[GIVEN DATA]

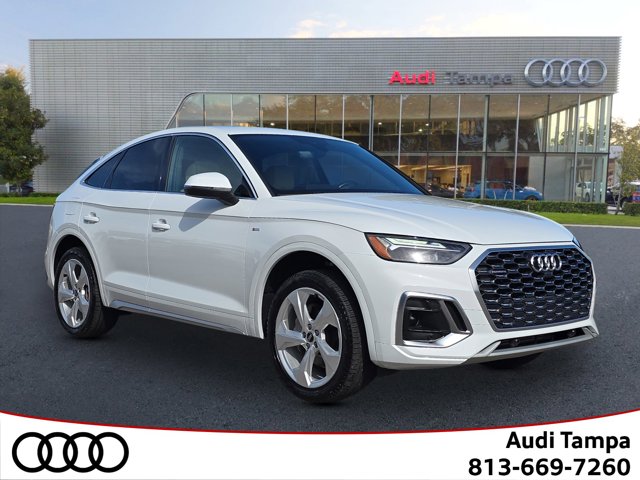 2025 Audi Q5 Sportback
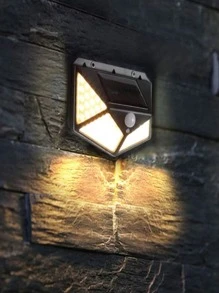 Solar Lantern - Negro - Ver 3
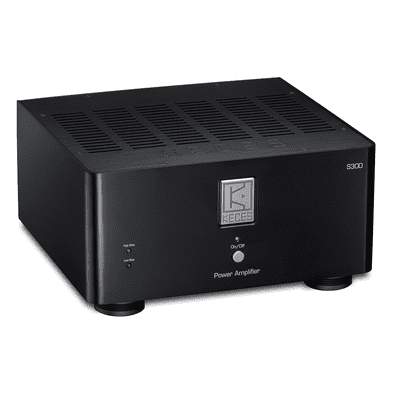 Keces S300 Stereo / Mono Amplifier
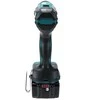 Makita DDF485RTJ Akumuliatorinis suktuvas gręžtuvas, 18 V, 2x 5,0 Ah Li-ion, 50/25 Nm, LED, bešepetėlinis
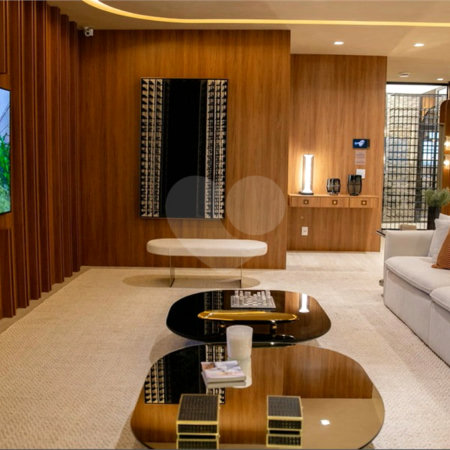 Apartamento à venda com 4 suítes em Perdizes, São Paulo, SP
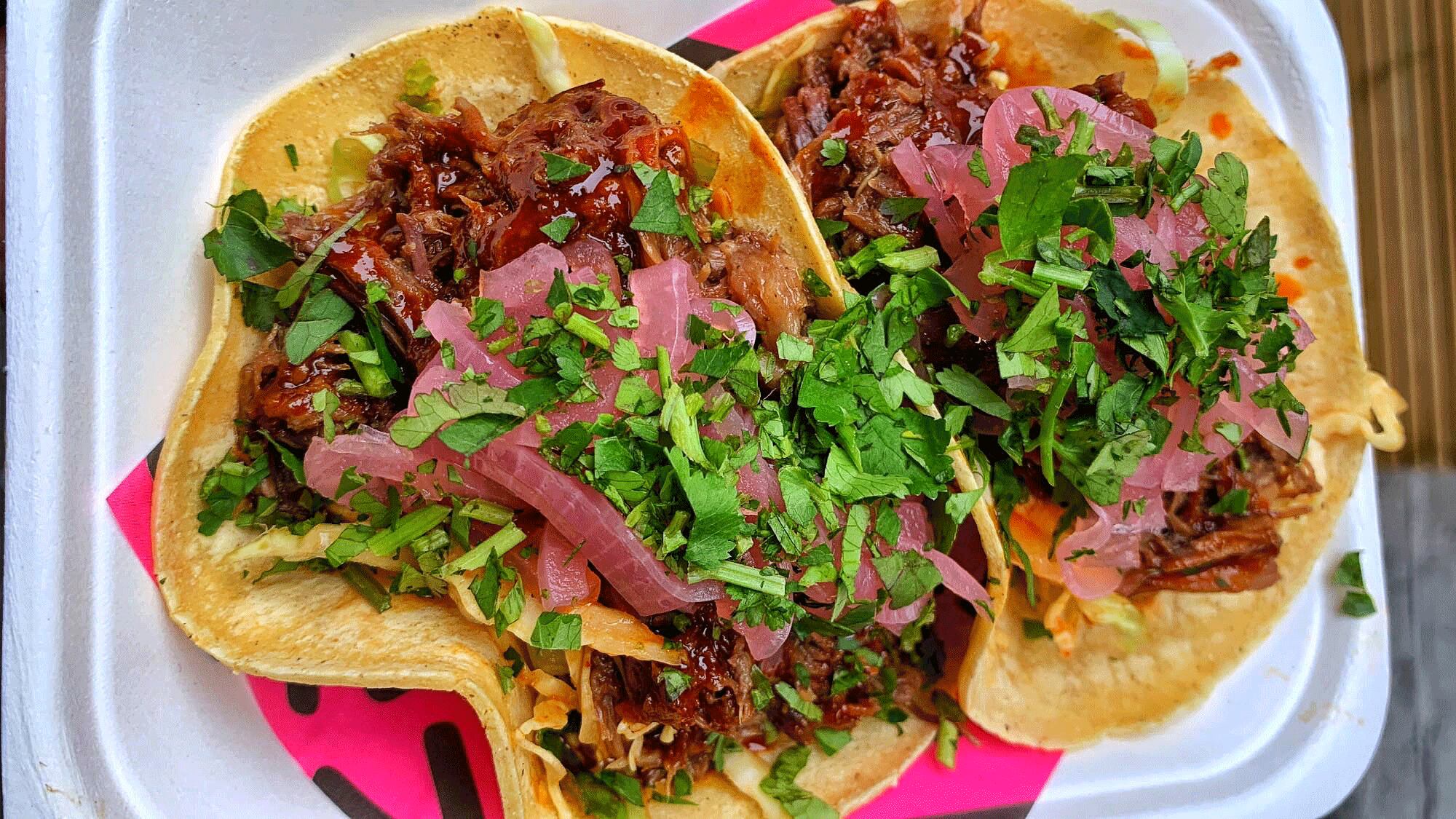 Street food star Mexican Seoul goes permanent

[/GIVEN DATA]

* _TASK DESCRIPTION_: Give again, word for word, the line containing "Keces S300 Stereo / Mono Amplifier" and every line after it to the end of the records; leave out the pictures.

* _TASK SOLUTION_:
 Keces S300 Stereo / Mono Amplifier
 Makita DDF485RTJ Akumuliatorinis suktuvas gręžtuvas, 18 V, 2x 5,0 Ah Li-ion, 50/25 Nm, LED, bešepetėlinis
 Apartamento à venda com 4 suítes em Perdizes, São Paulo, SP
 Street food star Mexican Seoul goes permanent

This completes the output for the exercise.